WORK ORDER: Once you find the line below that has "Picture of man", output it and every line after it exactly, stopping after the line that has "4.8K aerial stock", with no pictures.

───── SOURCE DATA

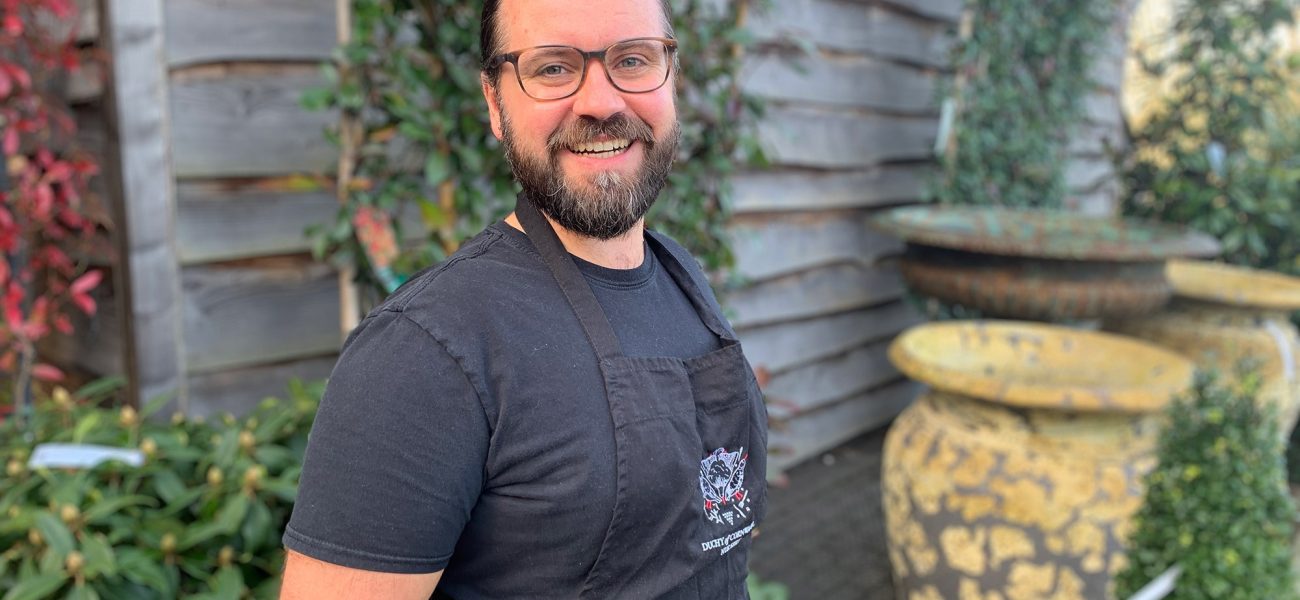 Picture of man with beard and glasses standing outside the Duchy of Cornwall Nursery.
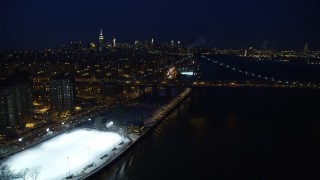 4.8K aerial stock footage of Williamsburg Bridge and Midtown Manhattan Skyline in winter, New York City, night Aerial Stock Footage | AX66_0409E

──────────
───── SOURCE DATA

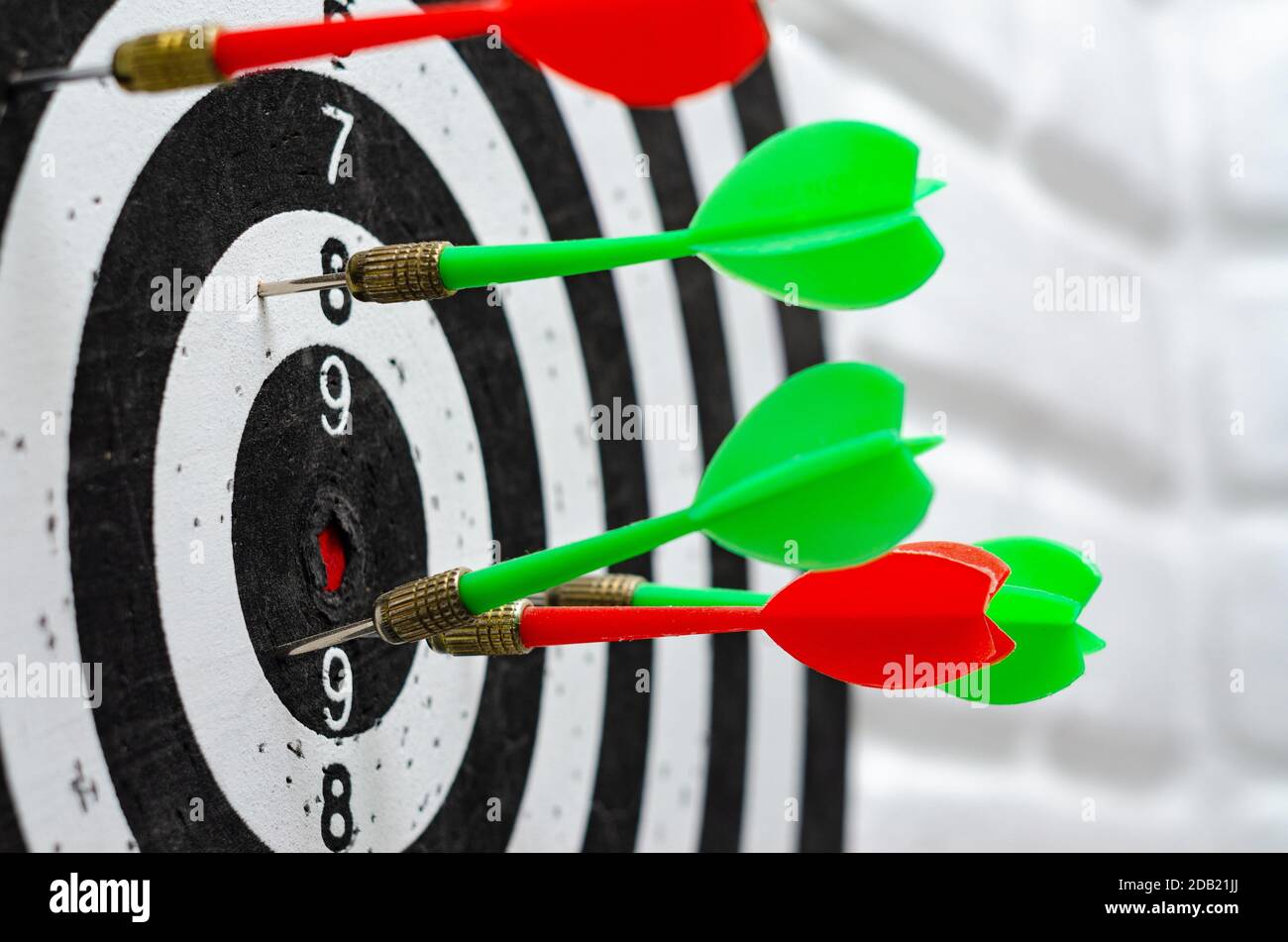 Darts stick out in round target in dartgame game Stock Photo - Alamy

──────────

EXERCISE ANSWER:
 Picture of man with beard and glasses standing outside the Duchy of Cornwall Nursery.
 4.8K aerial stock footage of Williamsburg Bridge and Midtown Manhattan Skyline in winter, New York City, night Aerial Stock Footage | AX66_0409E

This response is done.